TU has developed a brook trout conservation portfolio for the Great Lakes region.

Sage investors know that maintaining a diversified portfolio is a key to smart investing. 

Trout Unlimited is expanding on its application of that philosophy to the way it is investing in native brook trout restoration and protection to reduce risk and increase resilience in brook trout populations. 

TU recently developed a Brook Trout Conservation Portfolio tool for the Great Lakes. TU has been using the portfolio approach — anchored in the demonstrated concept that in nature diversity promotes resilience — in the East since 2017. 

The Conservation Portfolio tools use broad-scale spatial information to assess various characteristics of populations, habitat condition and vulnerability, and helps Trout Unlimited and partners assess and prioritize streams where restoration and protection actions will have the best impact. 

“Having all of this information rolled into one tool helps us – and our partners – understand comprehensive needs so we can think strategically about where best to target our work to ensure a sustainable future for these fish,” said Helen Neville, who heads Trout Unlimited’s science staff. 

Keith Curley, Trout Unlimited’s vice president for eastern conservation, said brook trout are somewhat like major league starting pitchers. 

“A great pitcher has a variety of pitches from which to choose,” Curley said. “Brook trout are similarly versatile, with a variety of ‘life histories,’ from resident small stream populations to those residing in lakes and ponds, and from populations that migrate between large rivers and smaller tributaries to those that migrate from Lake Superior.  

“We need to conserve the full range of brook trout populations for the species to thrive in the future. ” 

The Conservation Portfolio tools use broad-scale spatial information to assess various characteristics of populations, habitat condition and vulnerability, and helps Trout Unlimited and partners assess and prioritize streams where restoration and protection actions will have the best impact. 

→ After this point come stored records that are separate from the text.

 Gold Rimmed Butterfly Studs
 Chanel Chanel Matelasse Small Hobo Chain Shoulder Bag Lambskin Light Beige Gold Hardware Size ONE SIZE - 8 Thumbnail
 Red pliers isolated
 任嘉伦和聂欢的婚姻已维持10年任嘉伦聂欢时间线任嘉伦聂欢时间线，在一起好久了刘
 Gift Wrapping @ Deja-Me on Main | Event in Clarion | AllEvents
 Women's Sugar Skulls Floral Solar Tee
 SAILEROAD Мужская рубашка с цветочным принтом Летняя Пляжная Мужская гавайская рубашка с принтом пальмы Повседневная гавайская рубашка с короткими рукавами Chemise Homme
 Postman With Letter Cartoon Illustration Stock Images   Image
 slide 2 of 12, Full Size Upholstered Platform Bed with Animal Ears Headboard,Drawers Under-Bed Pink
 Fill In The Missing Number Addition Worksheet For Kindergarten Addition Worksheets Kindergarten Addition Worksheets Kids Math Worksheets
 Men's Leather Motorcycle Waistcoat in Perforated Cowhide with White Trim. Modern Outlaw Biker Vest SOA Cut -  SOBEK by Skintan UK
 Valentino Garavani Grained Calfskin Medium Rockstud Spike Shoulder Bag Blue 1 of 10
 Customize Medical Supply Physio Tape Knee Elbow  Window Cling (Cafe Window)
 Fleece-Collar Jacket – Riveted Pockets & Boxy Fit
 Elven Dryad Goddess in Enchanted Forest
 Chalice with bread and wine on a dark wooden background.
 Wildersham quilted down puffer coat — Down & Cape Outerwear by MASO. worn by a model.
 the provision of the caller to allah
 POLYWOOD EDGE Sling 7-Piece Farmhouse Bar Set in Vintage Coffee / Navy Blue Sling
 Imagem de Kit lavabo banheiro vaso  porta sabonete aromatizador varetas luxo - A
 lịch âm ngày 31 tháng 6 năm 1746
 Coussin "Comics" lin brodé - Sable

Traditional brook trout mapping has focused on simple presence and absence. Some mapping has taken additional steps to incorporate future projections for climate change. With the Portfolio, TU has taken brook trout mapping a step further, incorporating the full variety of brook trout populations into a conservation strategy for the species. 

The Great Lakes conservation portfolio uses a multi-step process. 

First, it uses data from 15 sources, including information from agencies, museums, and community scientists, to map the distribution of trout and barriers to define occupied habitat patches, the unit of evaluation in the portfolio. Those defined patches are then overlayed with information about the fish populations within them, habitat quality, and potential vulnerabilities.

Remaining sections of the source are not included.